## Task description
Write out exactly the lines from the one holding "GapFit Maternity Under Belly Legging" to the last line of the entries, both ends included and nothing else, without the pictures.

Extracted information Start Marker

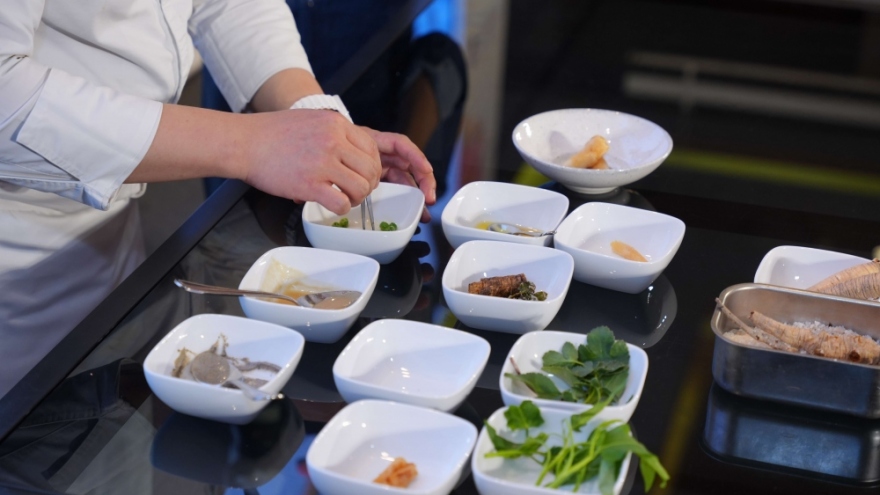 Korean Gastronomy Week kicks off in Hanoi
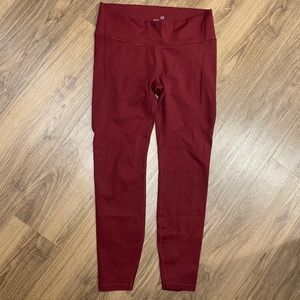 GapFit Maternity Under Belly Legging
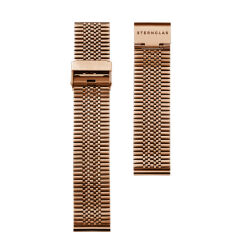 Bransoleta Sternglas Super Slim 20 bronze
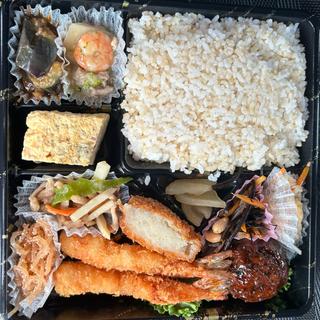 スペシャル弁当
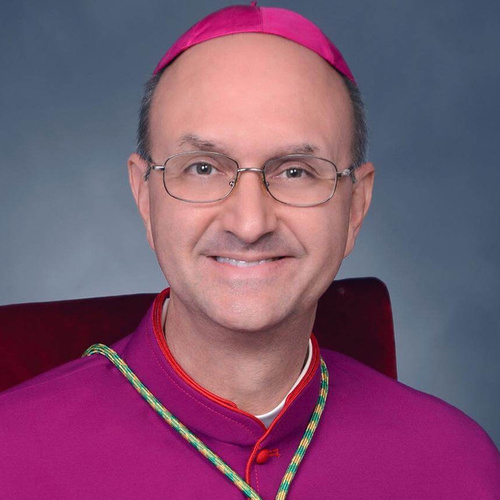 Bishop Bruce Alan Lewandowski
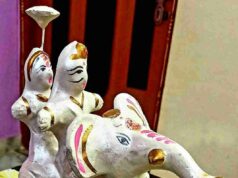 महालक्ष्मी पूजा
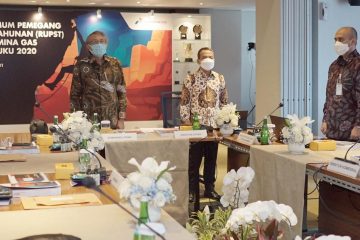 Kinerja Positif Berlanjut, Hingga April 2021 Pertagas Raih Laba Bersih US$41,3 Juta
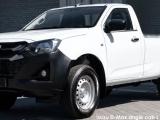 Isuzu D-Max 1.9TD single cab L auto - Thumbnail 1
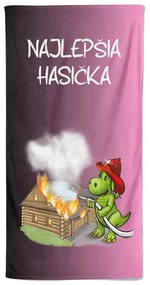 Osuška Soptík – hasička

Extracted information End Marker

## Answer to the exercise
 GapFit Maternity Under Belly Legging
 Bransoleta Sternglas Super Slim 20 bronze
 スペシャル弁当
 Bishop Bruce Alan Lewandowski
 महालक्ष्मी पूजा
 Kinerja Positif Berlanjut, Hingga April 2021 Pertagas Raih Laba Bersih US$41,3 Juta
 Isuzu D-Max 1.9TD single cab L auto - Thumbnail 1
 Osuška Soptík – hasička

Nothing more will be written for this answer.